__Material provided__
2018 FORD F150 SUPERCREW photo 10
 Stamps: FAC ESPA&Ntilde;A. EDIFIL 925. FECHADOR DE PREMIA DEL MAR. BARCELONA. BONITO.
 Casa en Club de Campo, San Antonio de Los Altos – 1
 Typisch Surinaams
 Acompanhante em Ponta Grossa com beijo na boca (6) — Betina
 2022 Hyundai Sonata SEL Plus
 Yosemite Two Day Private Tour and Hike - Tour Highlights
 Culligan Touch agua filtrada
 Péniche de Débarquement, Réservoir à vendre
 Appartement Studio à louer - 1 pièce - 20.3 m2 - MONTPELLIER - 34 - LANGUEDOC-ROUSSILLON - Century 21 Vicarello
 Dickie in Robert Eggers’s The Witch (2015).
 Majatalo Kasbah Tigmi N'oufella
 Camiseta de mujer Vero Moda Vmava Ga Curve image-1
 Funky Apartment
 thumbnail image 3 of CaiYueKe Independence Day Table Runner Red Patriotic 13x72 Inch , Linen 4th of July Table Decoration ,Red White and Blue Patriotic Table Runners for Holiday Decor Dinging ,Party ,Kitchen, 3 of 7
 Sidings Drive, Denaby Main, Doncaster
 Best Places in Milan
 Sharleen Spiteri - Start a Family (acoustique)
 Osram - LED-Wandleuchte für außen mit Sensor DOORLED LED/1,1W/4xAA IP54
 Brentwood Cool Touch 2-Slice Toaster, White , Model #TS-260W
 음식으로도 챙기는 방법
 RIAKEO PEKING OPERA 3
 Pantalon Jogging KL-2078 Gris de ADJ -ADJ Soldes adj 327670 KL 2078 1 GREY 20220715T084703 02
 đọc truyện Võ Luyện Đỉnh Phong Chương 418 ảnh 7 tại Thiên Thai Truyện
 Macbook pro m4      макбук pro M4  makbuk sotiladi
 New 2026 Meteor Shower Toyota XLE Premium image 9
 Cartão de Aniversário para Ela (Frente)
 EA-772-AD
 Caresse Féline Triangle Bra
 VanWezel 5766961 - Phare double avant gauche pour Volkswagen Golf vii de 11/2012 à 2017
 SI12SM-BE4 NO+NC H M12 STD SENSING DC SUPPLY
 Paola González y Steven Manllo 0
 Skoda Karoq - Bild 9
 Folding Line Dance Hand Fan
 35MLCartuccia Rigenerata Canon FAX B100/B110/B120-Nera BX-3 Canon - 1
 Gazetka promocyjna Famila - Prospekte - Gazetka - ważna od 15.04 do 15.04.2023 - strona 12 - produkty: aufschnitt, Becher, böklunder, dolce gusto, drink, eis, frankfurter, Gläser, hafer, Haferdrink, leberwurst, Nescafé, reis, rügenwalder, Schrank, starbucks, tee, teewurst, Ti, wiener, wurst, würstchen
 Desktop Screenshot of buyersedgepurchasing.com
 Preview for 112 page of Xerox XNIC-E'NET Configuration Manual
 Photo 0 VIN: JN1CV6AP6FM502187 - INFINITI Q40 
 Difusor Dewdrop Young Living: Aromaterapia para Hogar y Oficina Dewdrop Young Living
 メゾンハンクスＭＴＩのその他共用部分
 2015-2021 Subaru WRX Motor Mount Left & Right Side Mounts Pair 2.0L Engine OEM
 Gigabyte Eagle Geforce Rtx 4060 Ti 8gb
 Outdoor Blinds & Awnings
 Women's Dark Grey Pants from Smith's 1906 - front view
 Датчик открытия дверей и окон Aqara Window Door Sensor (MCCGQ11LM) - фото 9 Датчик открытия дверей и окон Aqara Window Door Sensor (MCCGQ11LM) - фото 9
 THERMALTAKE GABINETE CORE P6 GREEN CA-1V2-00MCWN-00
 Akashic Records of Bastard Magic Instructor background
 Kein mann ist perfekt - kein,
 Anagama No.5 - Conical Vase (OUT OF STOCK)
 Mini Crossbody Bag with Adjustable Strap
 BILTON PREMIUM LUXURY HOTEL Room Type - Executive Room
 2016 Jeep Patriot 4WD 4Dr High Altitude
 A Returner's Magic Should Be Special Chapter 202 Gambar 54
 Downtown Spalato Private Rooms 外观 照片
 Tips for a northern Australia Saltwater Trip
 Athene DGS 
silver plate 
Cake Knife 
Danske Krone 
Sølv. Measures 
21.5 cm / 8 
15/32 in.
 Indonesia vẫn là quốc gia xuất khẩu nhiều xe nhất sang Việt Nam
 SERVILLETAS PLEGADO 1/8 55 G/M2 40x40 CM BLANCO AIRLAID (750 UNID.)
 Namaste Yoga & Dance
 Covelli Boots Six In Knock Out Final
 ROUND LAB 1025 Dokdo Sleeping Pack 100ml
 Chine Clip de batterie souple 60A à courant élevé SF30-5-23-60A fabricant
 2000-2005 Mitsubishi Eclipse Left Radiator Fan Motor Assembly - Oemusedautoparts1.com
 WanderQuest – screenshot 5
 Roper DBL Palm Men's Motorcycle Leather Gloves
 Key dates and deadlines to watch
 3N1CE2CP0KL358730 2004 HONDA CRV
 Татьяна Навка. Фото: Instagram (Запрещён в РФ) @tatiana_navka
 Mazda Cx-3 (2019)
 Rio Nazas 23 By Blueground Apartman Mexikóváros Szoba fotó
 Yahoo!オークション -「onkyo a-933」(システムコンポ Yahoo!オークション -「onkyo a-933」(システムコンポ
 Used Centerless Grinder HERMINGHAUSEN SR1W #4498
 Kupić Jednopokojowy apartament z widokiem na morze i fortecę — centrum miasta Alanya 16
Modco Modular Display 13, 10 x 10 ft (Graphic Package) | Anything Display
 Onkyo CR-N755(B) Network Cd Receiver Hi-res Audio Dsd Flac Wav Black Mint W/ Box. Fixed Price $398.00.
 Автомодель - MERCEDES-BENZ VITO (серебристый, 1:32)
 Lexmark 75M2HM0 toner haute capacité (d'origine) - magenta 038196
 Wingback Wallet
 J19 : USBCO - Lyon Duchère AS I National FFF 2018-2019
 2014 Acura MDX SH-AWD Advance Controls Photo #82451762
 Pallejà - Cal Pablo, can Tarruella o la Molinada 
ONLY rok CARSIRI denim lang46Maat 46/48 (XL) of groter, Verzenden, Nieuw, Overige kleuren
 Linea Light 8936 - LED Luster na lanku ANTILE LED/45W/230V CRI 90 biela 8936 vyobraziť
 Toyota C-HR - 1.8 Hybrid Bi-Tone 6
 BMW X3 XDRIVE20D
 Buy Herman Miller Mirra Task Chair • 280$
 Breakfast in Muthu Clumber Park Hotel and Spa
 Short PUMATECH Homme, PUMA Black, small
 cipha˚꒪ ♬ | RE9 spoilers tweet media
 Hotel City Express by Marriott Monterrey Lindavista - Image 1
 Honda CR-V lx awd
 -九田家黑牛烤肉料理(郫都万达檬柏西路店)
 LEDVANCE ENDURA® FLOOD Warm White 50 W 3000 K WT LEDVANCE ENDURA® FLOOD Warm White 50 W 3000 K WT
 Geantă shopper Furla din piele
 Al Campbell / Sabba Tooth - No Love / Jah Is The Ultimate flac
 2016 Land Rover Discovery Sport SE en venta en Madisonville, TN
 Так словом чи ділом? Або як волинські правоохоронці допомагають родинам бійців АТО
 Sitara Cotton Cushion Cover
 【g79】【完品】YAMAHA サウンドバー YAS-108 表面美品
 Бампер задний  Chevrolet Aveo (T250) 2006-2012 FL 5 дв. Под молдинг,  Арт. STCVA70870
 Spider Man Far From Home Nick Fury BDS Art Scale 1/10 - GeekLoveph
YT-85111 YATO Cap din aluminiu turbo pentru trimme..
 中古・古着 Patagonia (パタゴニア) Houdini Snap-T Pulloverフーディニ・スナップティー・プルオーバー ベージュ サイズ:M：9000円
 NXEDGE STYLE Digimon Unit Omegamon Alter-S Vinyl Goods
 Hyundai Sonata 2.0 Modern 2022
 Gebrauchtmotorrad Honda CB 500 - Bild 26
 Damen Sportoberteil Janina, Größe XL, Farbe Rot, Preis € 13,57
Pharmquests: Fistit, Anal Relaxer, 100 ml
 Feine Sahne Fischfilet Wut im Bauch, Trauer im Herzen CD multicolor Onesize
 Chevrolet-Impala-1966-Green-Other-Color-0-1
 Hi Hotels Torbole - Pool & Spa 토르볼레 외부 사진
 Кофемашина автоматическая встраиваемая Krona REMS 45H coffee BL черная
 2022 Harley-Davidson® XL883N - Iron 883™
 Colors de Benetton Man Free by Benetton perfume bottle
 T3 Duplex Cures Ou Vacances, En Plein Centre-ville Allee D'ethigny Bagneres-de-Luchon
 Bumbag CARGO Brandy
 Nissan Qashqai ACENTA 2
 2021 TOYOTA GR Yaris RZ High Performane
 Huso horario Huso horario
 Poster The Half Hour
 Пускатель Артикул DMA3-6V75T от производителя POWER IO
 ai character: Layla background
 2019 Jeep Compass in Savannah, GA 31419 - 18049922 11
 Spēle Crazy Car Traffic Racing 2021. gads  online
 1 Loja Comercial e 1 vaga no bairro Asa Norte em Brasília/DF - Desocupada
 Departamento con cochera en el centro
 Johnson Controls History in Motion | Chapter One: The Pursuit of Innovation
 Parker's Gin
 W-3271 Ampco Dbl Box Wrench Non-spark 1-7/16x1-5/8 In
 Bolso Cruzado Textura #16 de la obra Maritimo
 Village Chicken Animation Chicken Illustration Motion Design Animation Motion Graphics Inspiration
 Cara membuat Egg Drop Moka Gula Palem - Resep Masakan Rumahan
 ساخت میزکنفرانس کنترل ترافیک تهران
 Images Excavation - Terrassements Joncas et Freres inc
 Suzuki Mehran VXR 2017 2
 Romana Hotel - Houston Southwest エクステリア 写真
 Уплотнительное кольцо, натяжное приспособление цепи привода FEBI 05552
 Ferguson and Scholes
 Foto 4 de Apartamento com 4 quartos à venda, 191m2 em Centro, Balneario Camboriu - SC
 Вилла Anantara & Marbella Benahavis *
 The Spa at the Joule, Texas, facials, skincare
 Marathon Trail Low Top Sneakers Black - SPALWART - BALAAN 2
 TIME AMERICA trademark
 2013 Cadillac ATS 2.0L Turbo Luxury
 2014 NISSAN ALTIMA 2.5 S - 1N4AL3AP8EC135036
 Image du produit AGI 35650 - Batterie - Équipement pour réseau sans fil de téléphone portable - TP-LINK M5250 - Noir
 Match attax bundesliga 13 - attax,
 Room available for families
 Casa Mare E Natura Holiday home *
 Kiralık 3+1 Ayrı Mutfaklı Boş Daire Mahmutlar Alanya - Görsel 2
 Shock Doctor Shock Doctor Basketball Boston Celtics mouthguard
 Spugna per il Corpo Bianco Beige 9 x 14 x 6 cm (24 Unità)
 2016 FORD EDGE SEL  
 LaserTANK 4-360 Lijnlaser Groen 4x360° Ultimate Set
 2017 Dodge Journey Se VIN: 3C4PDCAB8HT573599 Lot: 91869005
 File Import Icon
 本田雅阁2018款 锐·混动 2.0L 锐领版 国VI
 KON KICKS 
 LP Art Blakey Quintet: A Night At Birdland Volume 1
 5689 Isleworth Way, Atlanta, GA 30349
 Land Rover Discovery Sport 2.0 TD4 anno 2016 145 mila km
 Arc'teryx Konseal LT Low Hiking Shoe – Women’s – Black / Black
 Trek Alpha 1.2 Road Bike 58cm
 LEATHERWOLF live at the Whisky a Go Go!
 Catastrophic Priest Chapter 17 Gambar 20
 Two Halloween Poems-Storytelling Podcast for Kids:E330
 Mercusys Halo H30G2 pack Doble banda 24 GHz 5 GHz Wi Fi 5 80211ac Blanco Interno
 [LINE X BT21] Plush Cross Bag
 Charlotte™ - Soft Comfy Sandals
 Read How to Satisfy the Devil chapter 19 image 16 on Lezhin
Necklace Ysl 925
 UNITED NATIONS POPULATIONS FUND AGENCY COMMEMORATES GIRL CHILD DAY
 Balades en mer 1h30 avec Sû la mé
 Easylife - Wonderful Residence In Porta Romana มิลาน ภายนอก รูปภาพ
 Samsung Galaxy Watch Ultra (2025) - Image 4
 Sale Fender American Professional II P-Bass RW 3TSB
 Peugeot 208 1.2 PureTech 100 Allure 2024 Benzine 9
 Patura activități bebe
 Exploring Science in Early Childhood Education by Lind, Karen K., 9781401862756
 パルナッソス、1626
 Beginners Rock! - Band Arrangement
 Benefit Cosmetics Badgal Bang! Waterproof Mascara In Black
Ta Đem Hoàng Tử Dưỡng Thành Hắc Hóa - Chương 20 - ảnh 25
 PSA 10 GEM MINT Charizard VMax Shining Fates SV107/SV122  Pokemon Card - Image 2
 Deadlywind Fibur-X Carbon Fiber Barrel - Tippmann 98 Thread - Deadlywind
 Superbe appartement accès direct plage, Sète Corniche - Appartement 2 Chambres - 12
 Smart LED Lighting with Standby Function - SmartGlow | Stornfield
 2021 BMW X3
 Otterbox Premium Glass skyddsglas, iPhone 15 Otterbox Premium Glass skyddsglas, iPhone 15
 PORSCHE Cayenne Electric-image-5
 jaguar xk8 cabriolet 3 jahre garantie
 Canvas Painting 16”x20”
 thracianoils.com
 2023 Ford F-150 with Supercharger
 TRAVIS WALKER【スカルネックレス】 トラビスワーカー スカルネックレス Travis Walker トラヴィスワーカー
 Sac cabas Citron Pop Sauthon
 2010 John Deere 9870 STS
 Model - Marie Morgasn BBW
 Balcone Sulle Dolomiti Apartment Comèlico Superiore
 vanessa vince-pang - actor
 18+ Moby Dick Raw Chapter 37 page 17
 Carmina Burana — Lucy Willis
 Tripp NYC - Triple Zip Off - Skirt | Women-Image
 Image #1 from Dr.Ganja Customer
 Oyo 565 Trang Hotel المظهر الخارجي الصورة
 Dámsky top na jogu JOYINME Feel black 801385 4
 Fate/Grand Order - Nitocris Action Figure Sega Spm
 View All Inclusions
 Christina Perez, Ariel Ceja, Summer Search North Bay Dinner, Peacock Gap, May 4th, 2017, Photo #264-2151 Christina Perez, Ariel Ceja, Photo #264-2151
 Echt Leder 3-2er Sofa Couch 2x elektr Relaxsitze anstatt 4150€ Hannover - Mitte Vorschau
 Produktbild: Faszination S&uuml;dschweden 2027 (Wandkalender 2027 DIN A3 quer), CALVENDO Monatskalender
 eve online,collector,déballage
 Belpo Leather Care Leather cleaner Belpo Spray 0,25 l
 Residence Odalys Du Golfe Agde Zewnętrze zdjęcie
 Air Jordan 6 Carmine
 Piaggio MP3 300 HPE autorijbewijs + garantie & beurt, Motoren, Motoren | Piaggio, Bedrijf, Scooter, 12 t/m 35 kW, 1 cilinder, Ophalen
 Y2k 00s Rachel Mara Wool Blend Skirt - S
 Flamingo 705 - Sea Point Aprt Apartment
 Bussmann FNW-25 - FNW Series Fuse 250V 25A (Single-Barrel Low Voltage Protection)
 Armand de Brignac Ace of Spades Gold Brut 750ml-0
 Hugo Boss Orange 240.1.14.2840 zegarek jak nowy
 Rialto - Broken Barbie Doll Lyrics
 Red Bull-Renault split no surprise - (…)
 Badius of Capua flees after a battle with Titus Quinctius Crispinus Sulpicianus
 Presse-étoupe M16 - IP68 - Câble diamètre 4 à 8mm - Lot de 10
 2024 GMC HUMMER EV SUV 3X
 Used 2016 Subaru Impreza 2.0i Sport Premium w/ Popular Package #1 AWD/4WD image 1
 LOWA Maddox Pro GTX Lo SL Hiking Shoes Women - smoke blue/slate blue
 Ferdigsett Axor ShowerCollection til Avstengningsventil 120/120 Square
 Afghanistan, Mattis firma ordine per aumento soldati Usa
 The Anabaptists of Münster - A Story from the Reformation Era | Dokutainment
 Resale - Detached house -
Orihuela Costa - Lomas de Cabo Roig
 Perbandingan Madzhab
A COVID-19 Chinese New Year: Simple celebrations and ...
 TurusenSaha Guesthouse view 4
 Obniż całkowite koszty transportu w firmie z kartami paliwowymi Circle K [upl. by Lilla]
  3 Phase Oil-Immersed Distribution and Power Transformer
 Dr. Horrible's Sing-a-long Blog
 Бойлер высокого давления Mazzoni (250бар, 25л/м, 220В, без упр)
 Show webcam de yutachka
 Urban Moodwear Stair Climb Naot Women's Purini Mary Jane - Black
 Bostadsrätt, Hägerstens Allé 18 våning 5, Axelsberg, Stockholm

__Task instructions__
Here the job is to set down exactly the lines of the material above that fall between the one with "Hotel City Express" and the one with "Geantă shopper Furla din piele", inclusive, and nothing beyond them.

__Result of the exercise__
 Hotel City Express by Marriott Monterrey Lindavista - Image 1
 Honda CR-V lx awd
 -九田家黑牛烤肉料理(郫都万达檬柏西路店)
 LEDVANCE ENDURA® FLOOD Warm White 50 W 3000 K WT LEDVANCE ENDURA® FLOOD Warm White 50 W 3000 K WT
 Geantă shopper Furla din piele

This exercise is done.